Many of the voices that would normally draw attention to the Kremlin’s crimes are currently being silenced. While attention focuses on Russia’s genocidal war in Ukraine, the Russian government is accelerating its brutal crackdown on any shred of dissent at home.

Navalny’s anti-corruption network, Russia’s independent news media, and many of the country’s remaining independent human rights NGOs were silenced in the lead up and immediate aftermath of the February 24 invasion. Other top opposition leaders like Vladimir Kara-Murza and Ilya Yashin have since been arrested and jailed on dubious charges.

Kara-Murza and Yashin are just two of more than 15,000 Russians detained since the full-scale invasion of Ukraine.
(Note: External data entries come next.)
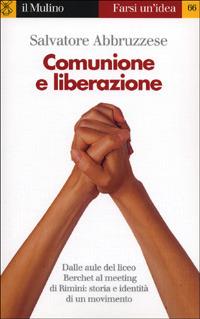 Comunione e Liberazione - Salvatore Abbruzzese - Libro Il Mulino 2001, Farsi un'idea | Libraccio.it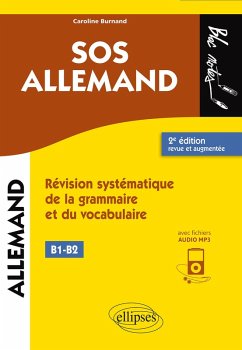 SOS allemand niveau 2 - (B1-B2). Révision systématique de la grammaire et du vocabulaire. 2e édition revue et augmentée (avec fichiers audio) (eBook, PDF) - Burnand, Caroline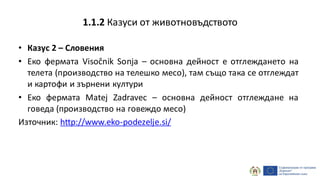 • Казус 2 – Словения
• Еко фермата Visočnik Sonja – основна дейност е отглеждането на
телета (производство на телешко месо), там също така се отглеждат
и картофи и зърнени култури
• Еко фермата Matej Zadravec – основна дейност отглеждане на
говеда (производство на говеждо месо)
Източник: http://www.eko-podezelje.si/
1.1.2 Казуси от животновъдството
 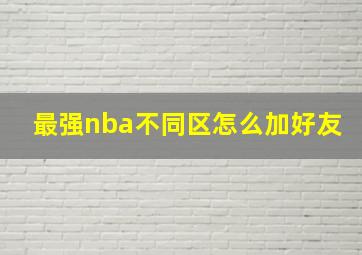 最强nba不同区怎么加好友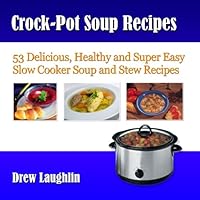 Crock-Pot Soup Recipes: 53 Delicious, Healthy and Super Easy Slow Cooker Soup and Stew Recipes 1450590217 Book Cover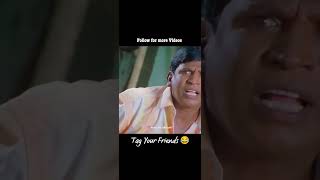 Vadivelu  Comedy Follow for more videos......😂 #status #whatsappstatus #tamilcomedyscenes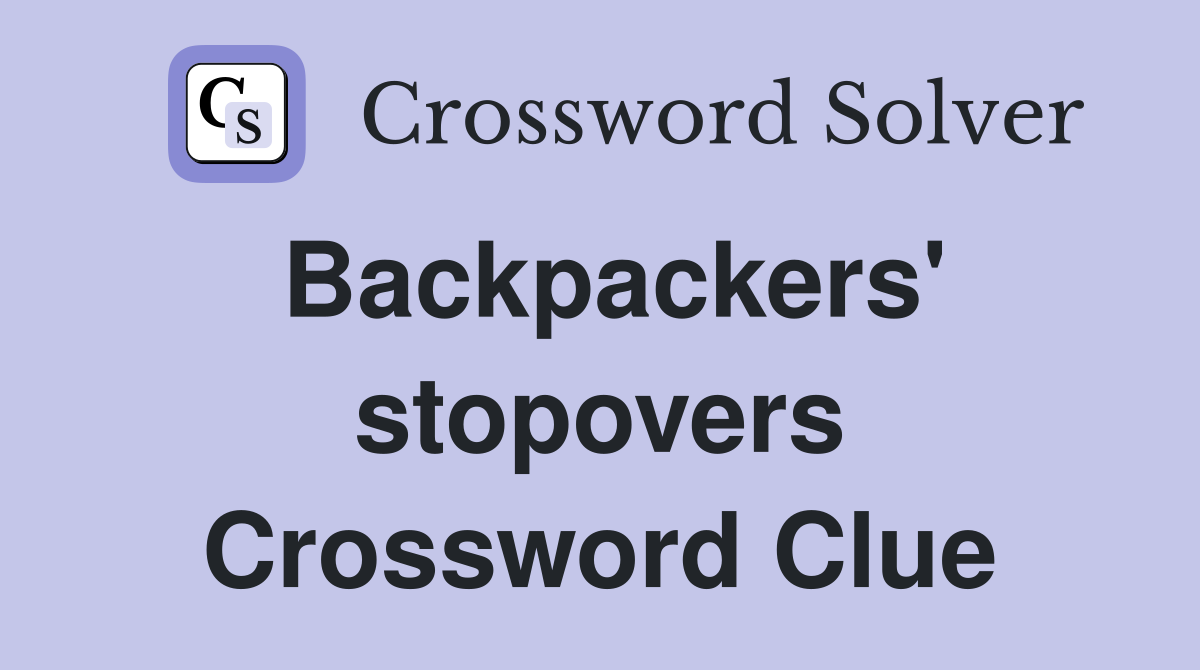 Backpackers' stopovers Crossword Clue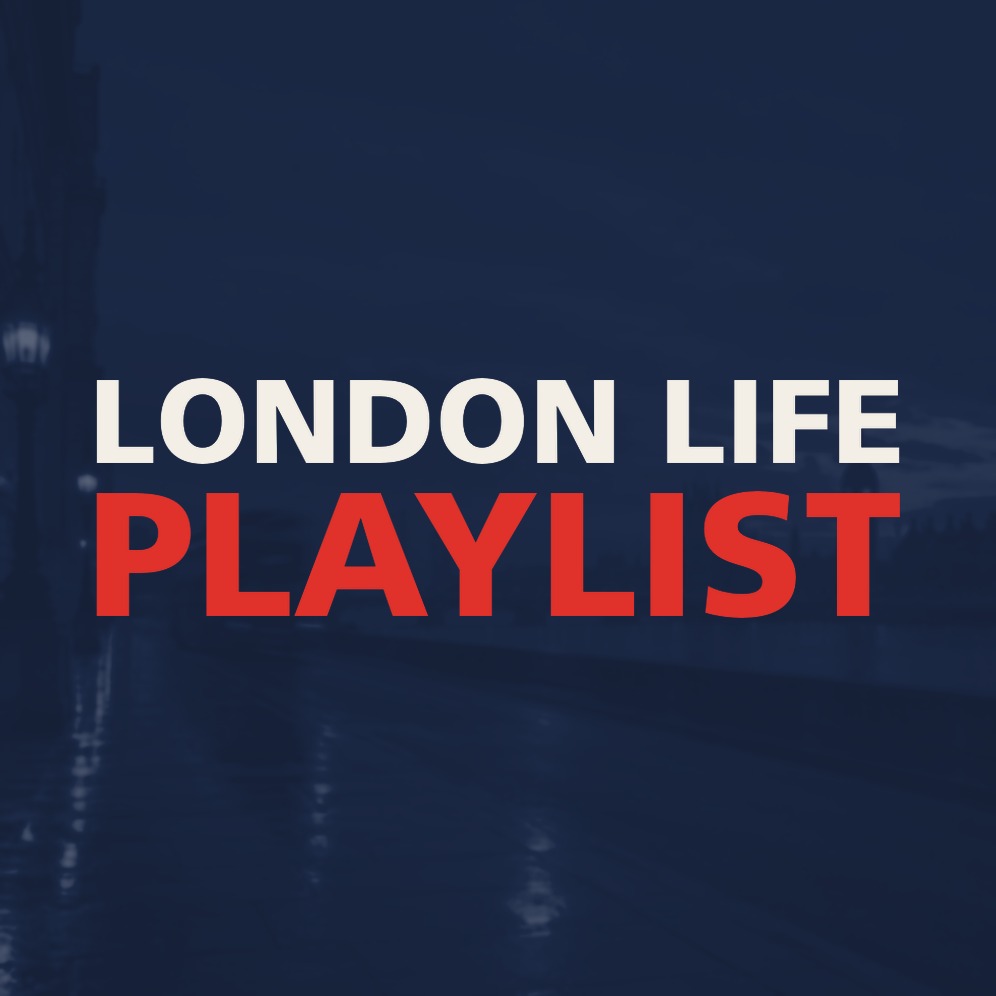 LONDON LIFE PLAYLIST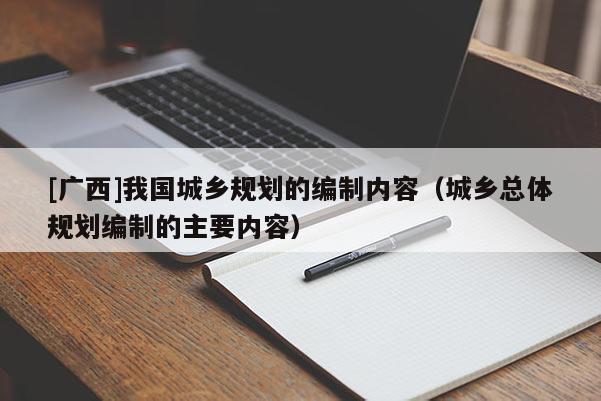 [廣西]我國(guó)城鄉(xiāng)規(guī)劃的編制內(nèi)容（城鄉(xiāng)總體規(guī)劃編制的主要內(nèi)容）
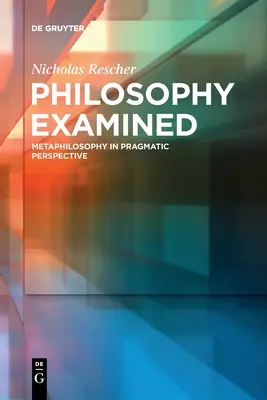 Filozófia vizsgázott: Metafilozófia pragmatikai perspektívában - Philosophy Examined: Metaphilosophy in Pragmatic Perspective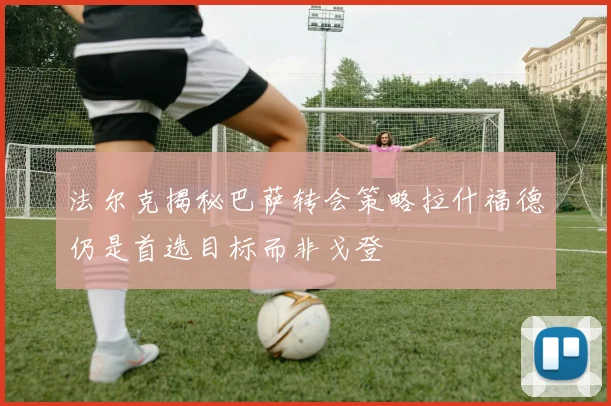 法尔克揭秘巴萨转会策略拉什福德仍是首选目标而非戈登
Some were arrested for joining mass anti-war demonstrations, others for the seditious crime of holding a blank piece of paper in public.

This latest wave of repression comes as Putin and regime loyalists are drawing battle lines inside their own country and giving their most rabid supporters internal enemies to go after. Since the start of the invasion, hundreds of thousands of Russians have fled the increasingly repressive domestic environment. Some of those who stay and speak up find their homes vandalized with pro-war symbols and violent threats.

Navalny may be the bellwether for what comes next for the Kremlin’s domestic political enemies. The remnants of his anti-corruption network say one of the only things keeping him alive is the significant global attention his case attracts and the pressure it generates from rights organizations, Western governments, and the public.

It was feared Navalny would die early in his sentence in 2021 when he went on hunger strike to protest over a lack of medical attention. On that occasion, massive pressure from around the world eventually helped get Navalny transferred to a prison hospital.

The Kremlin is now relying upon a distracted international community as Russia descends into full-blown totalitarianism. While support for Ukraine remains at the top of the international agenda, a faltering global economy and security concerns arising from the Russian invasion threaten to draw attention away from Putin’s violent excesses inside Russia itself.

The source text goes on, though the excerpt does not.